1. MEETINGS OF STOCKHOLDERS.

        1.1  ANNUAL MEETING. The annual meeting of stockholders shall be held
within six months after the end of the corporation's fiscal year, on any
business day, and at a place and time, as shall be determined by the board of
directors (the "Board"), for the purpose of electing directors and for the
transaction of such other business as may come before the meeting. If no annual
meeting is held as set forth above, a special meeting may be held in lieu
thereof, and any action taken at such meeting shall have the same effect as if
taken at the annual meeting.

        1.2  SPECIAL MEETING. A special meeting of the stockholders may be
called by the President or by resolution of the Board, and a special meeting
shall be called by the Clerk, or in case of the death, absence, incapacity or
refusal of the Clerk, by any other officer, upon the written request (stating
the purpose or purposes of the meeting) of holders of record of ten percent
(10%)of the issued and outstanding stock entitled to vote at such meeting.

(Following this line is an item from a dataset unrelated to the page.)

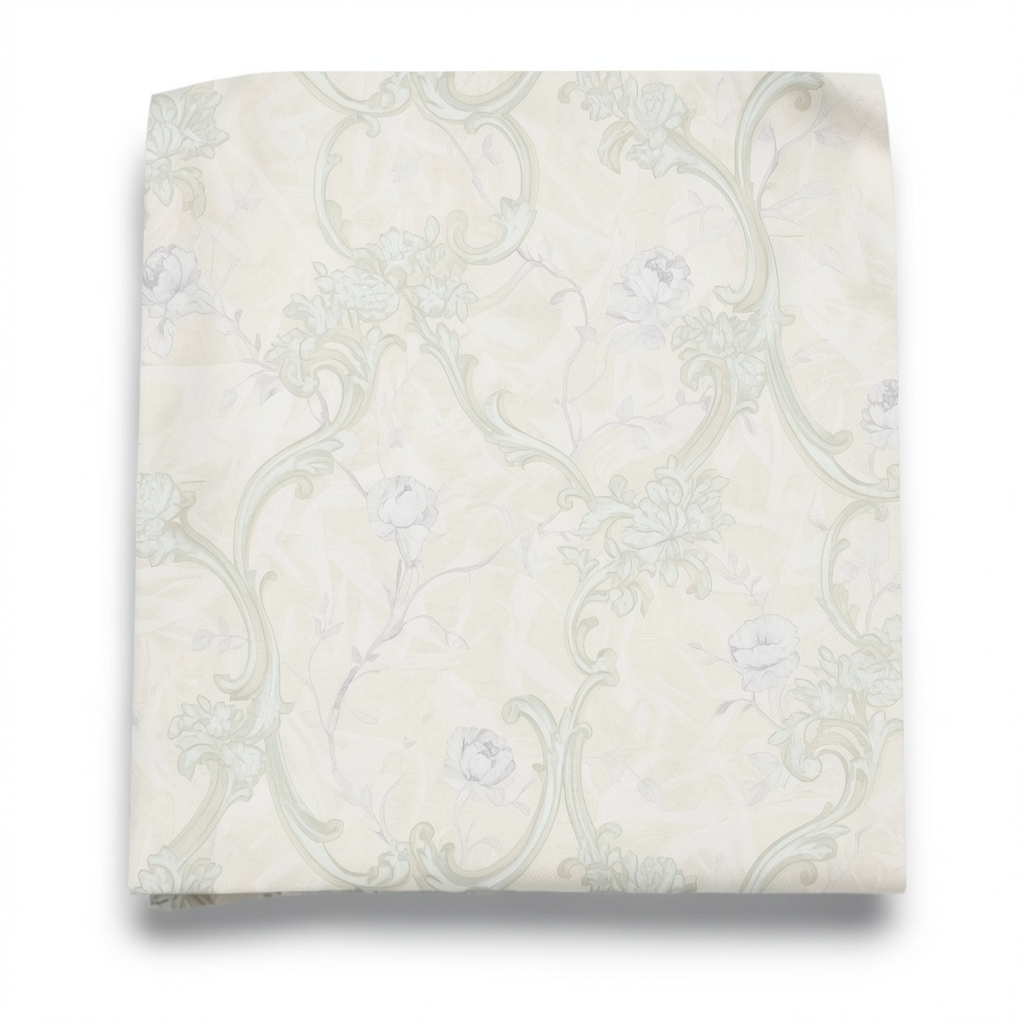 Italian Wallpaper Floral Design Pale Beige, Size 10mx0.73m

        1.3  PLACE OF MEETINGS. Meetings of the stockholders shall be held in
the United States at the place fixed by the Board and stated in the notice of
meeting.

        1.4  NOTICE OF MEETINGS; WAIVER OF NOTICE. Written notice of each
meeting of stockholders shall be given to each stockholder entitled to vote at
the meeting (or otherwise entitled to such notice) by mailing it to him at his
address as it appears in the records of the corporation, postage prepaid, or by
delivering it to him at his residence or usual place of business, at least seven
(7) days before the meeting or such greater length of time as may be required by
law, and shall state the date, time and place of the meeting and the purposes
for which it is called and, unless it is the annual meeting, shall state at
whose direction the meeting is called. Notice need not be given to any
stockholder who submits to the Clerk a signed waiver of notice before or after
the meeting.

        1.5  QUORUM. The presence in person or by proxy of the holders of a
majority of the shares entitled to vote shall constitute a quorum for the
transaction of any business, except as otherwise provided by law or these
Bylaws. In the absence of a quorum any officer entitled to preside at or act as
Clerk of such meeting shall have the power to adjourn the meeting from time to
time until a quorum is present, without further notice other than announcement
at the meeting of the adjourned time and place, except as otherwise provided by
law. At any adjourned meeting at which a quorum is present, any action may be
taken which might have been taken at the meeting as originally called.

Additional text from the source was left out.